Dataset entries:
# # # # # # #
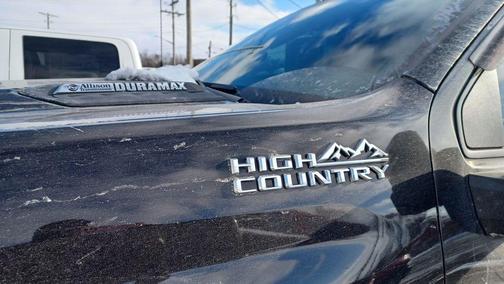 2020 Chevrolet Silverado 2500 High Country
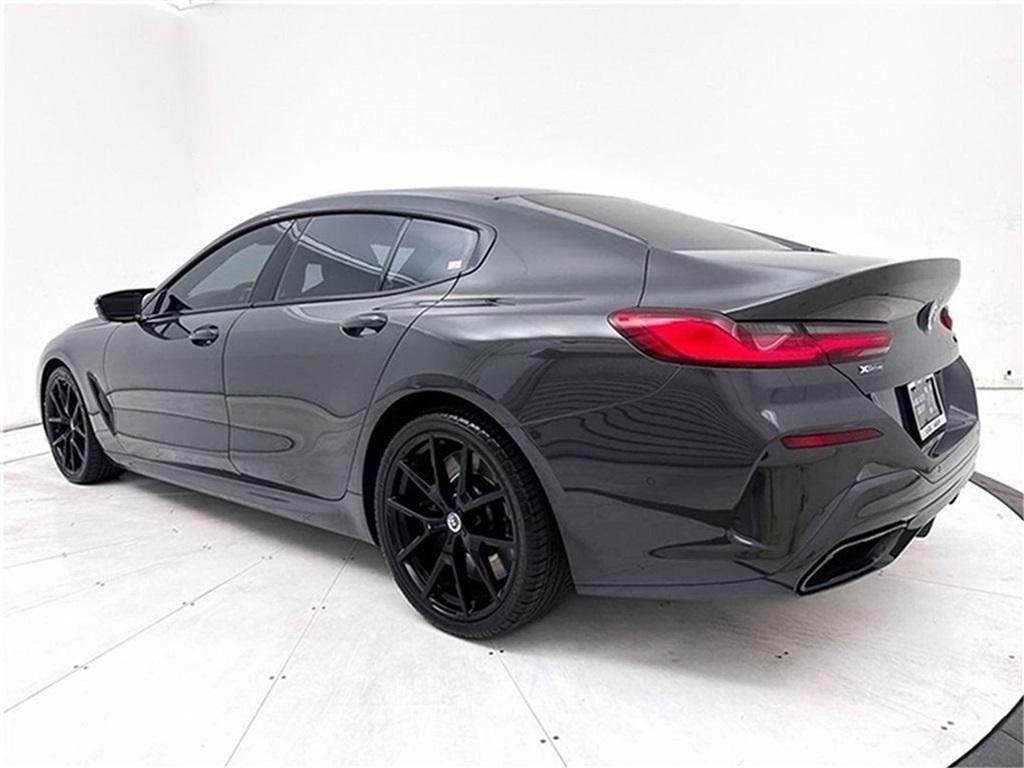 used 2023 BMW M850 Gran Coupe car, priced at $61,693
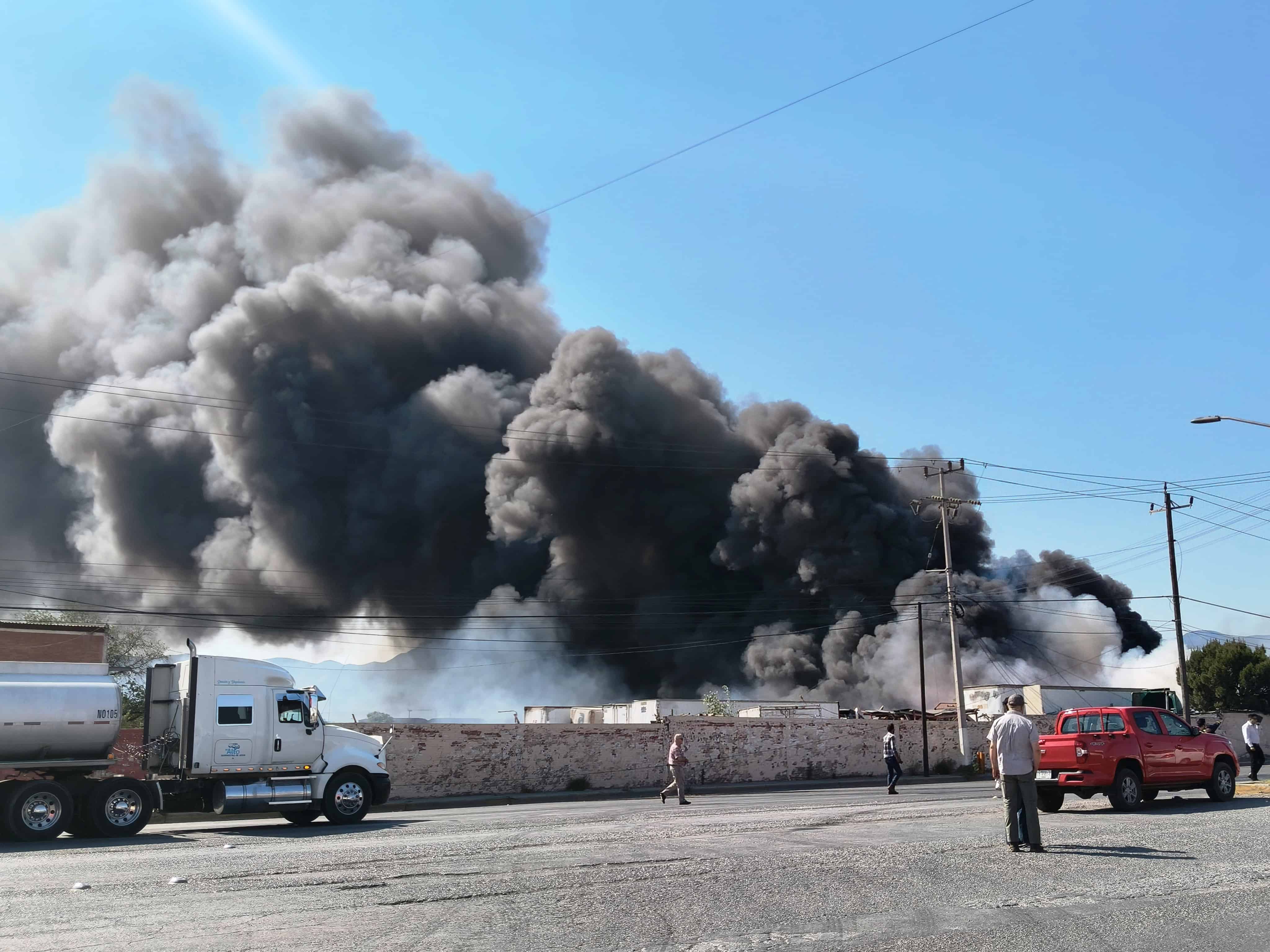 ¡Arde recicladora!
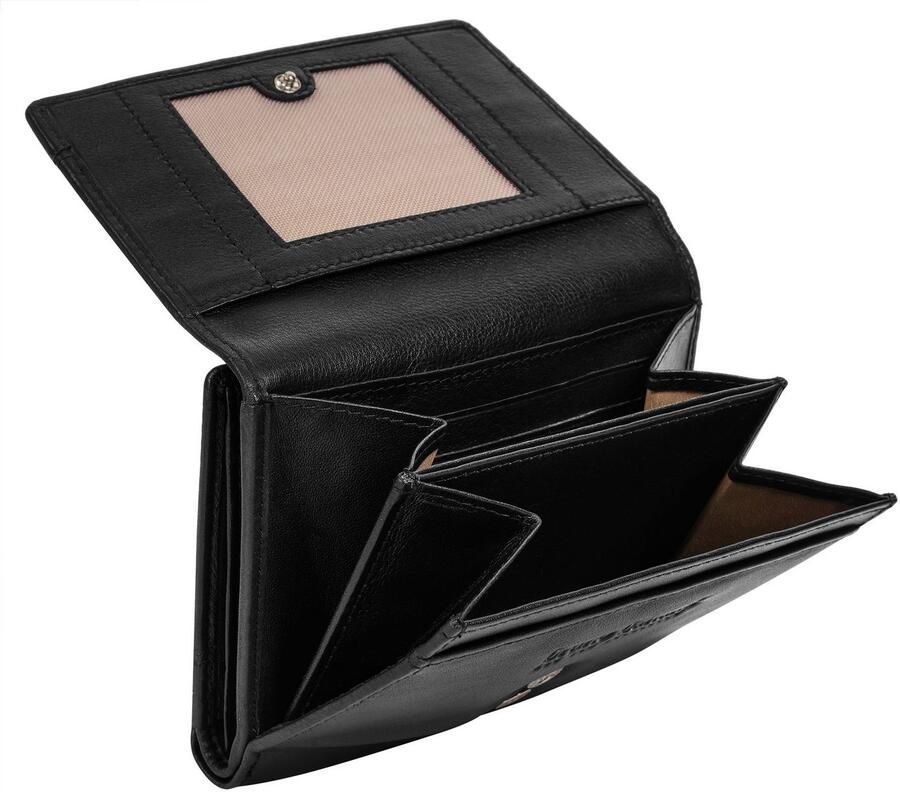 Bruno Banani Portemonnee echt leder - Foto 2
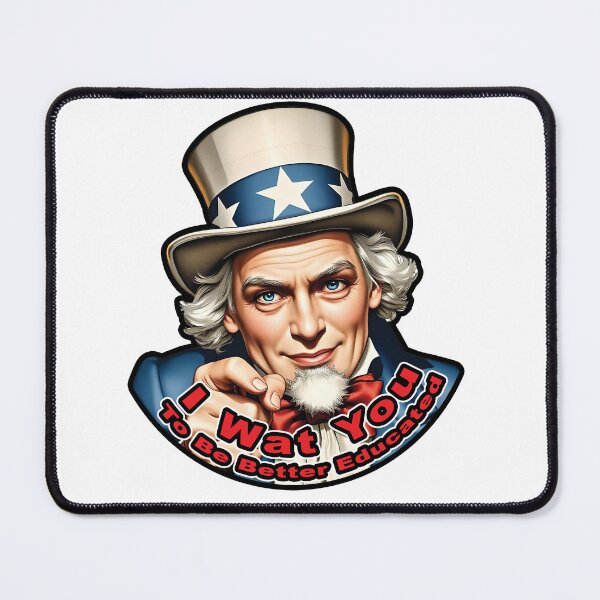 Artikelvorschau, Uncle Sam 002 5000x2 besser ed2 entworfen und verkauft von Dead Presidents.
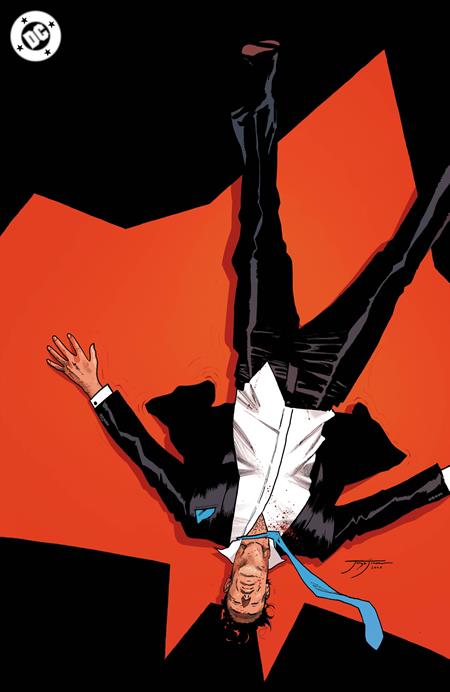 BATMAN #15 CVR E JORGE JIMENEZ FOIL VAR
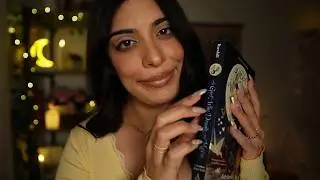 the type of ASMR i wish other people would do...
# # # # # # #
**How to complete this task**
If the records contain pictures, skip them, and transcribe exactly every line from the one with "BATMAN #15 CVR E JORGE JIMENEZ FOIL VAR" through the last line.

**Response area**
 BATMAN #15 CVR E JORGE JIMENEZ FOIL VAR
 the type of ASMR i wish other people would do...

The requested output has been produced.